中国軍、ステルス機探知レーダーを開発へ

(2025年3月18日)

2025年3月5日水曜日、中国・北京の人民大会堂で全国人民代表大会(NPC)開会式に出席するため待機する軍人たち。(AP Photo/Andy Wong)

By Bill Gertz – The Washington Times – Wednesday, March 12, 2025

 空軍のシンクタンクの報告によると、中国人民解放軍(PLA)はステルス機を探知できる高度な防空レーダーを配備しようとしている。

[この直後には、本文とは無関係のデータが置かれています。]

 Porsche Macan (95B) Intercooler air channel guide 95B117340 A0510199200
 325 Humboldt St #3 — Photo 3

 さらに、PLAの新しい防空レーダーは、攻撃用ドローンや低空を飛行するミサイルがもたらす脅威にも対応できるように設計され、気球や無人航空機に配備されていることが、中国航空宇宙研究院(CASI)の報告書で明らかになった。

 「中国の大規模な防空レーダー産業基盤は、あらゆる高度と範囲における包括的な探知能力を生み出しており、その最新システムはレーダー技術の国際的最先端にあるようだ」と報告書は指摘している。

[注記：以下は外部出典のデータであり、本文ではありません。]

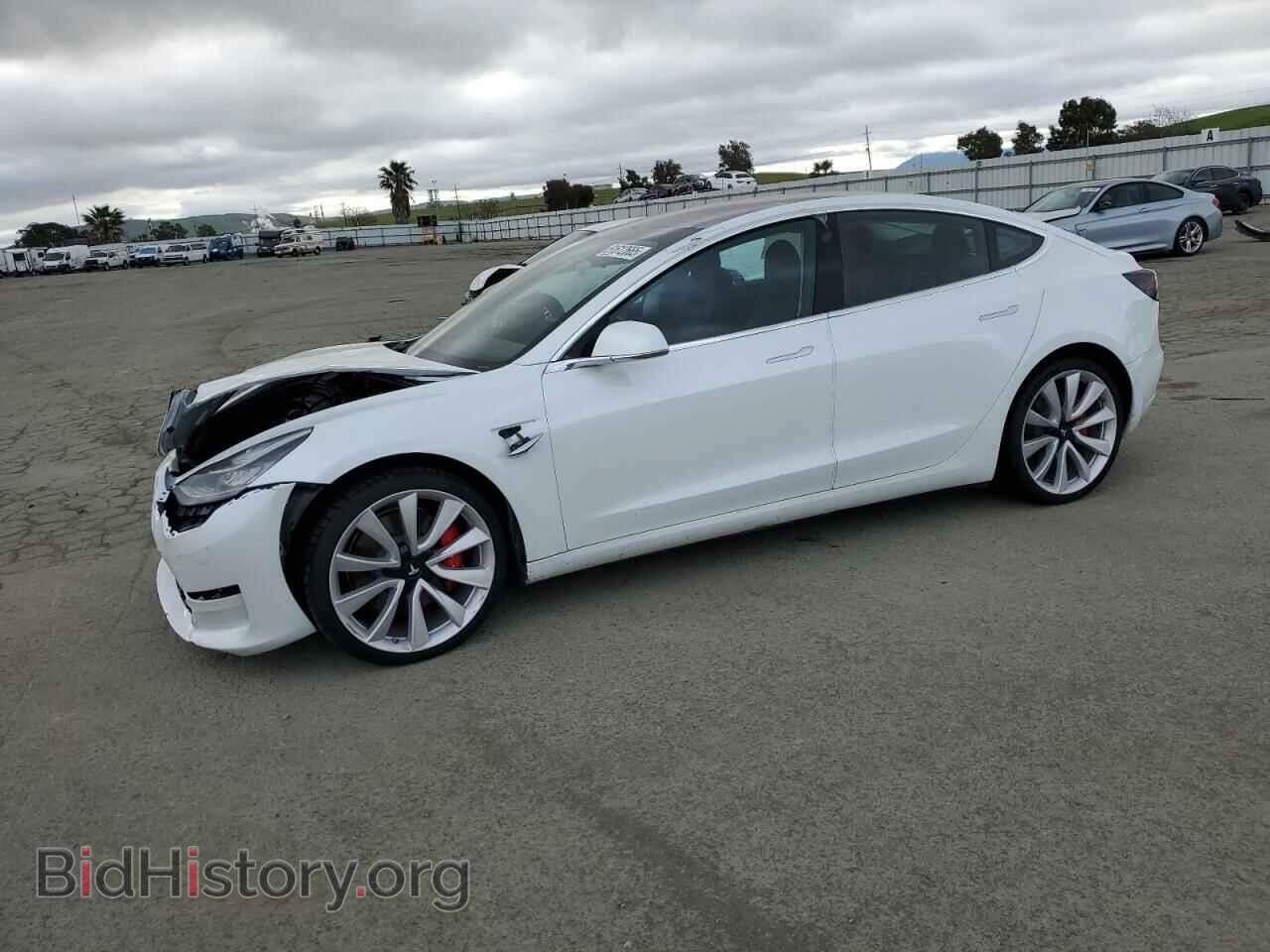 Photo 5YJ3E1EB4JF084177 - TESLA MODEL 3 2018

 また、中国の統合防空ネットワークで使用されるレーダー開発の規模は非常に大きい。軍事用レーダーへの投資は過去10年間で3倍になり、2022年だけでも60億ドルが費やされると推定されるという。

 対照的に、国防総省にとって防空レーダーの優先順位は高くないという。2022年に特定された5つの優先産業分野のうち、先進レーダー開発に関わるものはなかった。

 中国の開発の多くは、F35やF22戦闘機/爆撃機、B-2爆撃機など、将来の紛争で主要な役割を果たすであろう米国のステルス機を探知するために設計されている。最近配備されたシステムには、移動式レーダーや「ステルス・ペネトレイティング」レーダーがあり、国中に散らばる性能の低いレーダーとネットワーク化されている。

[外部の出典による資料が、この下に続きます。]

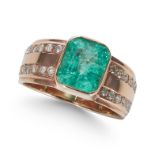 AN EMERALD AND DIAMOND RING, IN ROSE GOLD.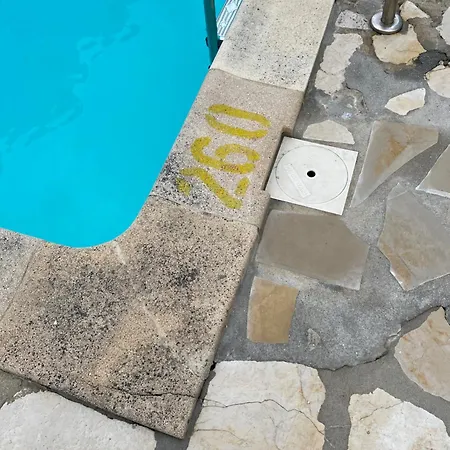 Aux Pieds Des Plages, Du Port, De La Piste Cyclable Et Des Commerces De Proximite, Un Au Dernier Etage Avec Vue Panoramique Sur Le Bassin D'arcachon, Entierement Renove, Dans Avec Piscine *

 「PLAは、少なくとも旅団レベルで、複数の種類と能力を持つ防空レーダー・プラットフォームをネットワーク化することができるようであり、おそらく全国の防空レーダーからの情報を一つの探知ネットワークに集中し、まとめることができる」と報告書は指摘しながらも、PLAがこれらのデータを効果的に利用できているかどうかは明らかではないとしている。

 報告はさらに、先進レーダーは、インド太平洋地域での米軍の活動能力を脅かすものと強調している。このレーダーネットワークを使って、中国領空内での包括的な探知、追跡、照準が可能になり、長距離レーダーは中国国境外で作動することができる。

 「中国の防空レーダーネットワークは、最新鋭のステルス、長距離、極超音速プラットフォームでなければ、米軍が侵入するのは困難である。PLAのより高度なレーダー能力が拡大し続け、他の地域でも同様になる可能性がある」

 地域的な軍事衝突では、防空ネットワークは初期段階での主要な標的となる。例えば、イスラエルは最近のイランへの空爆で、全国の防空網の大部分を破壊、これによってイランは攻撃を受けやすくなった。

 248ページに及ぶCASIの報告書は、防空網の増強を特定するのに役立った中国国内436カ所のレーダーサイトの衛星画像と、中国の軍事文書に基づいている。この報告書は、中国の専門家であり、経営コンサルタント企業「ブルーパス・ラブズ」の研究者、エリック・ハンドマン氏が作成した。

 PLAのネットワーク化されたレーダーは、車両、地上局、船舶、航空機に配備されている。移動システムは400マイル(約640キロ)以上離れた航空機を探知することができ、長距離システムは1800マイル以上に到達することができる。PLAの新型レーダーのひとつは「スパイダーウェブ」と呼ばれ、360度をカバーし、複数のターゲットを追跡できるポータブルフェーズドアレイレーダーを使用し、「UAVターミネーター」とうたわれている。

 PLAが取り組んでいる未来型レーダー技術には、「コグニティブ・レーダー、量子レーダー、インテリジェント・レーダー、マイクロ波光子レーダー」が含まれるという。

 これらの高度なレーダーは、人工知能(AI)を使ってターゲット環境に合わせて送信波と受信処理を調整する。

 コグニティブ・レーダーは、能力の低いアルゴリズムの代わりにAIを使用し、ターゲットの探知、追跡、識別を改善する。

 レーダーはまた、AIを使って干渉に対抗し、高速化し、ネットワークを拡大している。

 ステルス機を探知するためPLAは2つの基地局を使用する「バイスタティック」レーダーを開発中だという。このレーダーはラジオフォトンではなくマイクロ波フォトンを使用しており、どのような天候でもステルス機を探知することが可能になる。

 報告書は、2023年に配備されるとされている中国の合成開口レーダー衛星の開発については触れていない。サウスチャイナ・モーニング・ポスト紙が先月報じたところによるとこれは、ルディ・タンス衛星と呼ばれ、上空2万2000マイルの軌道を周回し、地表の3分の1以上を監視し、全天候型の高解像度探知が可能だという。

 中国はまた、エジプト、パキスタン、ベネズエラを含む推定23カ国に高度なレーダーを輸出している。